§ SOURCE INFORMATION:
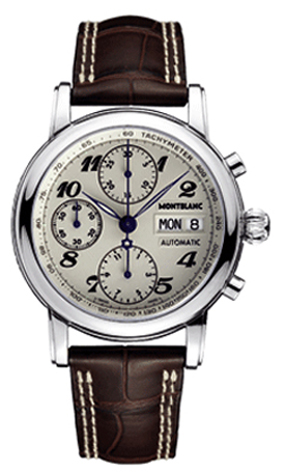 101632 MontBlanc Star Beign Chronograph Dial Mens Automatic Watch.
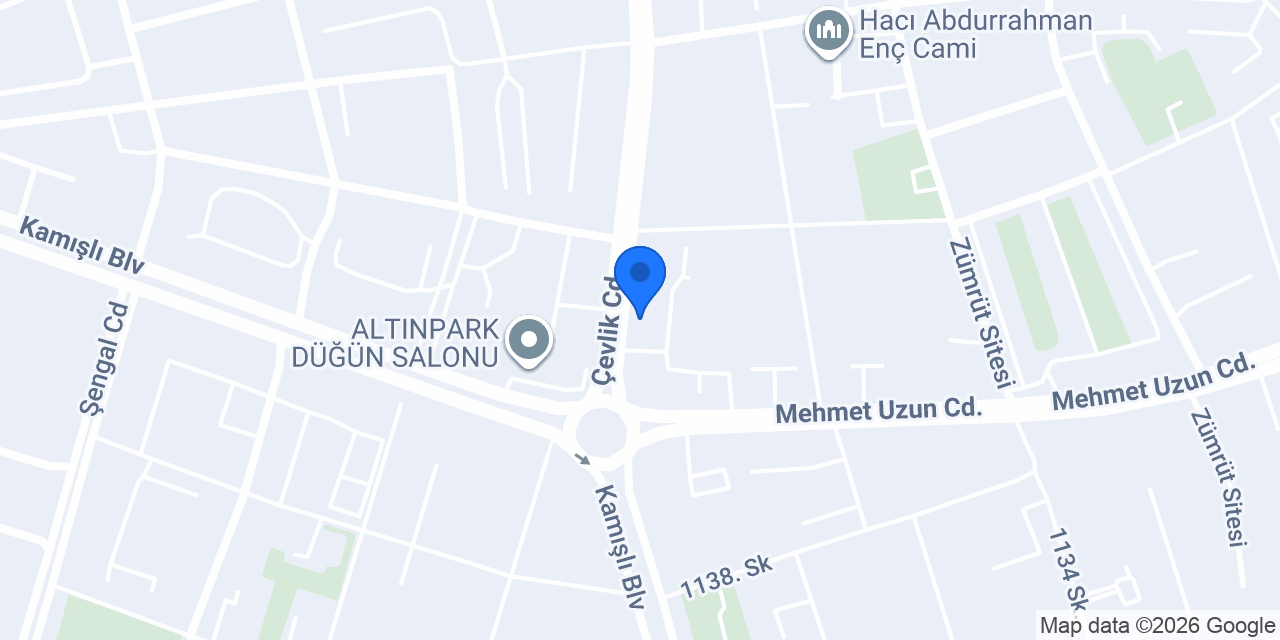 Diş Hekimi Uğur BİÇİMLİ konumu
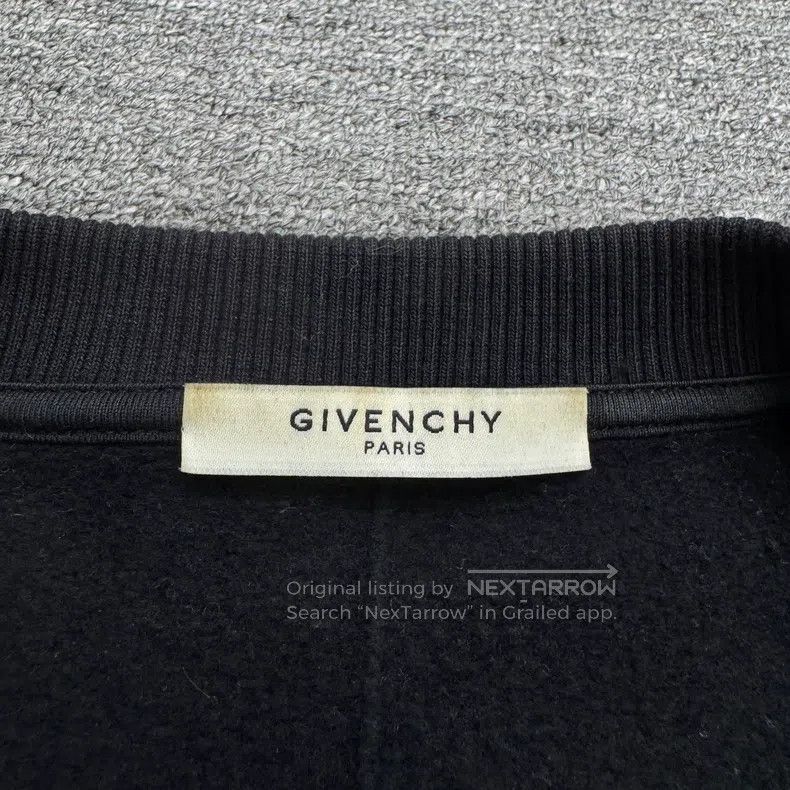 Givenchy Givenchy Flame Printed Hoodie Size: M Size US M / EU 48-50 / 2 - 5 Thumbnail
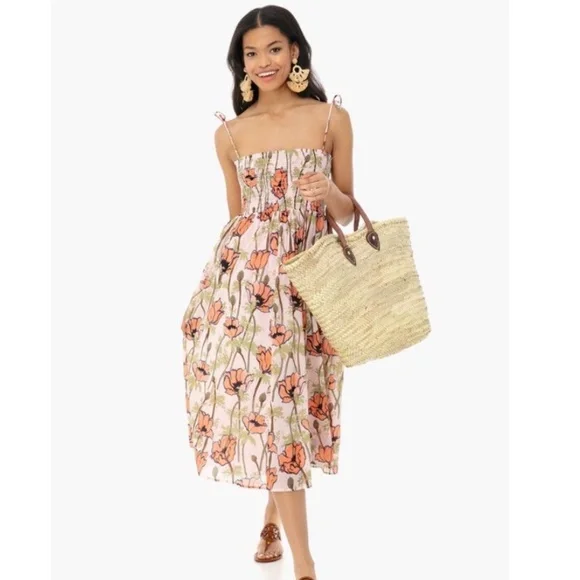 tory burch beach dress Tory Burch Women's Tie-Shoulder Beach Dress main image 0
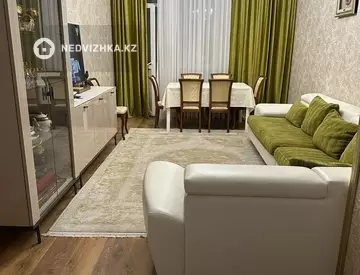 3-комнатная квартира, этаж 3 из 6, 106 м²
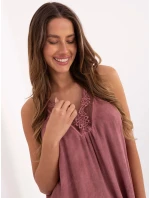 Top MI TP model 21717728 ciemny różowy - FPrice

§ TASK TO COMPLETE:
Please print each of the records word for word, keeping the pictures out.

§ THE ANSWER:
 101632 MontBlanc Star Beign Chronograph Dial Mens Automatic Watch.
 Diş Hekimi Uğur BİÇİMLİ konumu
 Givenchy Givenchy Flame Printed Hoodie Size: M Size US M / EU 48-50 / 2 - 5 Thumbnail
 tory burch beach dress Tory Burch Women's Tie-Shoulder Beach Dress main image 0
 3-комнатная квартира, этаж 3 из 6, 106 м²
 Top MI TP model 21717728 ciemny różowy - FPrice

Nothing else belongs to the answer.